Bazen hayat, hak etmeyene verdiğimiz değerin yüküyle yoruyor bizi. Karşılıksız mücadeleler, hiçbir yere varmayan çabalar, boşa giden bir fedakârlık silsilesi…

Bir bakıyoruz ki aslında sevgi değil, kendimizi tüketmenin ağır provasını yapmışız.

Toksik ilişkilerde kaybolan yıllar, gelecek kaygısına heba edilen kasvetli endişeler… Ve hepsinin arkasında, sömürüye açık saf bir merhamet.
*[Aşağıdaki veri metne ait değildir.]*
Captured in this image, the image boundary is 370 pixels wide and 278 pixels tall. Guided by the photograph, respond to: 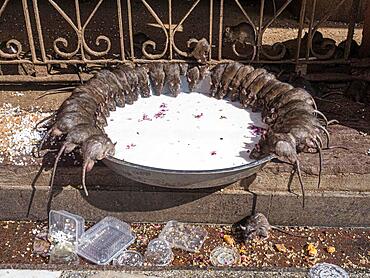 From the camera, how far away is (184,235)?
3.96m

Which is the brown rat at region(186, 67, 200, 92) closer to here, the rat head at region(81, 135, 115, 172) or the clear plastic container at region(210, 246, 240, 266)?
the rat head at region(81, 135, 115, 172)

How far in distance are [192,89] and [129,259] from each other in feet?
4.83

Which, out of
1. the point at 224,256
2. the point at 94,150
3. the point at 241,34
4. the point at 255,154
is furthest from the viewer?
the point at 241,34

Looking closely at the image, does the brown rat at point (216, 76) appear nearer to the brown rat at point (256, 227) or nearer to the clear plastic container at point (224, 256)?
the brown rat at point (256, 227)

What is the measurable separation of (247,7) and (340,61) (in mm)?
3104

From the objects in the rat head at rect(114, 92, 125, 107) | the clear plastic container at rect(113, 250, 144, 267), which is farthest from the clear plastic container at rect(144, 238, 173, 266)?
the rat head at rect(114, 92, 125, 107)

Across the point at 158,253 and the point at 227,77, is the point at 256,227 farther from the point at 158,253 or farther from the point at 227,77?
the point at 227,77

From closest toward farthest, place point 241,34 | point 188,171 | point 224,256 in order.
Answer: point 188,171, point 224,256, point 241,34

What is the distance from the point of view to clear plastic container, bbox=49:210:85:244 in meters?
3.87

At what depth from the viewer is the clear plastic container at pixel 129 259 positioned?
369 cm

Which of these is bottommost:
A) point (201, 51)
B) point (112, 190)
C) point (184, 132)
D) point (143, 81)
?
point (112, 190)

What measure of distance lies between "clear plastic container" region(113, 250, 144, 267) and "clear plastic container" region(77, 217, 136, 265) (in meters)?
0.04

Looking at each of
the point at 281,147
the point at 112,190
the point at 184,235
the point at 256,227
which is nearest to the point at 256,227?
the point at 256,227

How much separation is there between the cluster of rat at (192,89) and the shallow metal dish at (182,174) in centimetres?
15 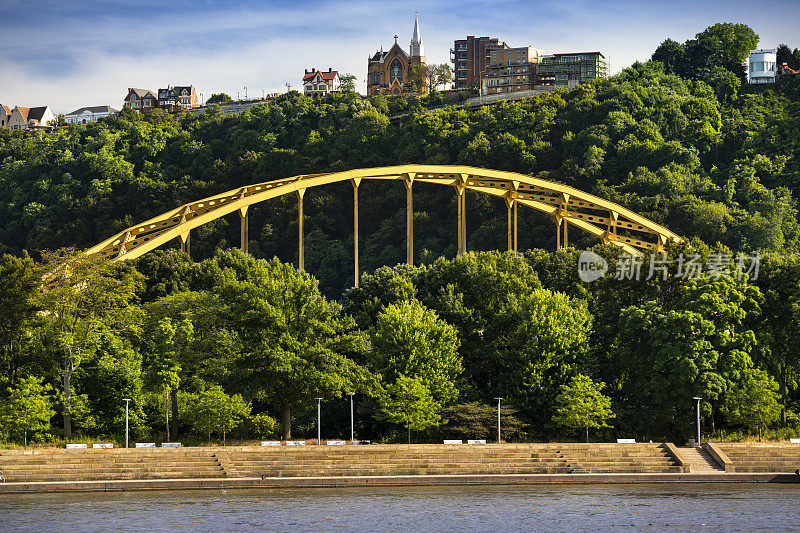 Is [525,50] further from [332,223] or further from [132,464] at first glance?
[132,464]

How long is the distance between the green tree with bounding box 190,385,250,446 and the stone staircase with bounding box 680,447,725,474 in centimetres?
1806

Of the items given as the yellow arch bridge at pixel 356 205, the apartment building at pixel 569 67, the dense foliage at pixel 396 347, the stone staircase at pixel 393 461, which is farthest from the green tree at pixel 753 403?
the apartment building at pixel 569 67

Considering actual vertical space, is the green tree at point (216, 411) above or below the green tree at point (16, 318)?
below

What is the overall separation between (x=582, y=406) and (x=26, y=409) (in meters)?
23.0

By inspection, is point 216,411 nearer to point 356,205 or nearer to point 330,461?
point 330,461

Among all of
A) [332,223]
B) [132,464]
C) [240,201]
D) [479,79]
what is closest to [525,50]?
[479,79]

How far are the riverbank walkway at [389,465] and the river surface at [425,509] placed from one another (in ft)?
3.51

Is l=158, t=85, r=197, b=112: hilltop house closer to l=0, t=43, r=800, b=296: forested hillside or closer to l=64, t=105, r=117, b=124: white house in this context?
l=64, t=105, r=117, b=124: white house

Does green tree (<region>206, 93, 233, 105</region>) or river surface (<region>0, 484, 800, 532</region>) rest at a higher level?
green tree (<region>206, 93, 233, 105</region>)

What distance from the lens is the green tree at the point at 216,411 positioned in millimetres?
51469

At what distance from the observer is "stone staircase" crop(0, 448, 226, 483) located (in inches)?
1802

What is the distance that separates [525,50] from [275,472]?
92337 millimetres

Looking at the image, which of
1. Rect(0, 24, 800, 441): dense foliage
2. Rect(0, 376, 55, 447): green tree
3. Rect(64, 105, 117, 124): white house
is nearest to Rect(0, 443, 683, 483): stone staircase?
Rect(0, 376, 55, 447): green tree

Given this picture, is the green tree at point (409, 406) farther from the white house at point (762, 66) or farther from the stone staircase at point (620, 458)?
the white house at point (762, 66) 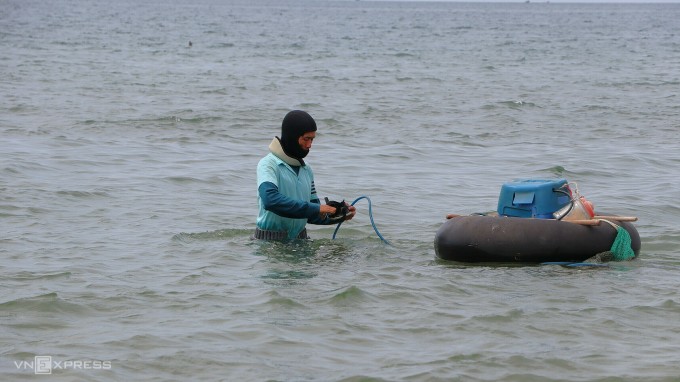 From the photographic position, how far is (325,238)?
10320mm

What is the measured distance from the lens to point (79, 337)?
23.6 feet

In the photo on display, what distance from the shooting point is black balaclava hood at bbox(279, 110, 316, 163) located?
28.8 feet

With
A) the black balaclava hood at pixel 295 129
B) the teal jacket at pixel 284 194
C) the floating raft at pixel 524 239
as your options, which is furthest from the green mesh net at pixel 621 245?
the black balaclava hood at pixel 295 129

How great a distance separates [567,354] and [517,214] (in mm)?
2428

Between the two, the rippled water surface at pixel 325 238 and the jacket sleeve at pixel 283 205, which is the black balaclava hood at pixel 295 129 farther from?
the rippled water surface at pixel 325 238

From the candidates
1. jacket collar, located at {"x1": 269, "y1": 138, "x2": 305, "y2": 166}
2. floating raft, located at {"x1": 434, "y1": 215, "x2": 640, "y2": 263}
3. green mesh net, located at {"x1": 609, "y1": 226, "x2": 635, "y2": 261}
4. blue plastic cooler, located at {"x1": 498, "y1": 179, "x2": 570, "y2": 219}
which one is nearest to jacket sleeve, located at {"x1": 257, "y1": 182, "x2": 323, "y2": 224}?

İnsanlara verdiğimiz sınırsız toleransın, aslında bize geri dönmeyen bir yol olduğunu çok sonradan fark ediyoruz.

Ama her şey geçti. Acının öğretisini, kaybın dersini, yanlış insanlara adanmış zamanın kefaretini ödedik. Şimdi bize kalan en değerli şey: kendimiziz.

Kendimize dönmek, dünyadaki en büyük devrimdir. Çünkü bir kere kendimize döndüğümüzde artık kimse bize yolumuzu kaybettiremez.

Ve artık biliyoruz: Hak etmeyene verilen değer, sadakatsizliğe sabır, yüreksizliğe merhamet… Bunların hepsi ihanettir. Ama kendimize yapılan ihanet, hepsinden daha büyüktür.